# Exercise objective:
All of the data below should be printed again word for word, pictures excluded.

# Source data:
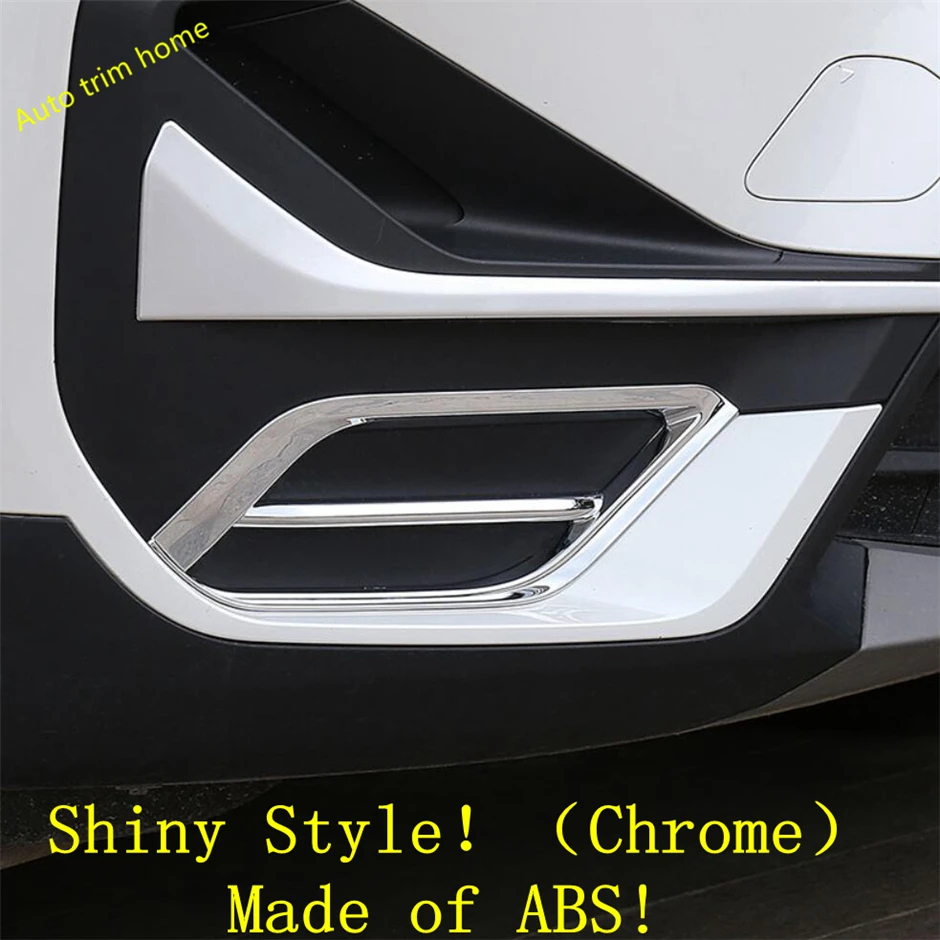 Передний бампер противотуманная фара аксессуары накладка из АБС-пластика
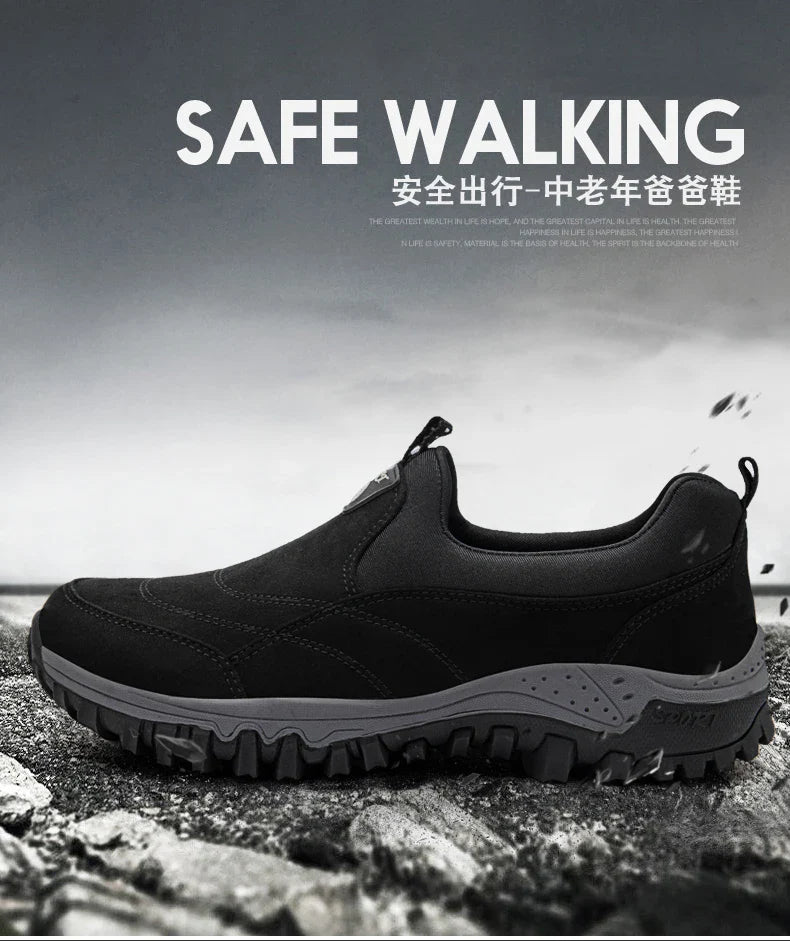 2023 New Men Walking Shoes Comfortable Wearable Autumn Flats Winter Jogging Man Sneakers Big Size Casual Footwear Zapatos Hombre(Available)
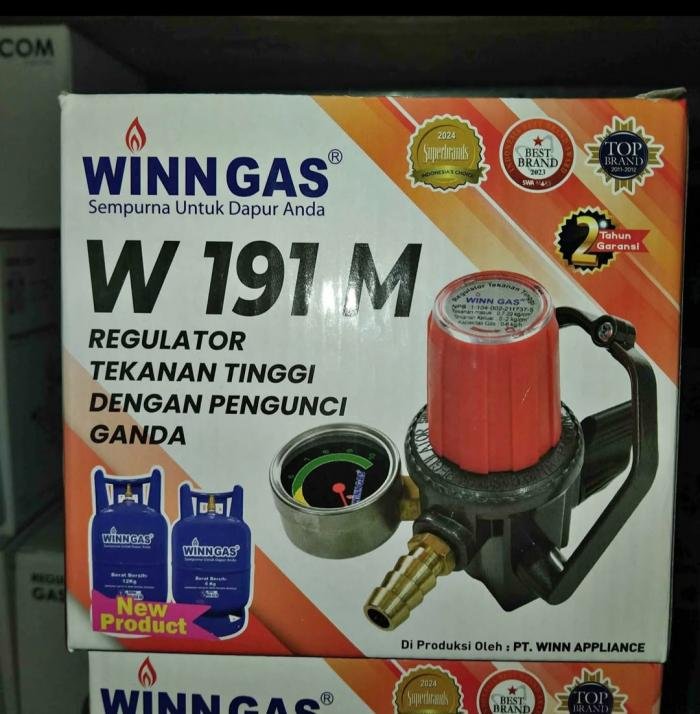 Regulator Winn Gas (regulator saja) W191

# Reply:
 Передний бампер противотуманная фара аксессуары накладка из АБС-пластика
 2023 New Men Walking Shoes Comfortable Wearable Autumn Flats Winter Jogging Man Sneakers Big Size Casual Footwear Zapatos Hombre(Available)
 Regulator Winn Gas (regulator saja) W191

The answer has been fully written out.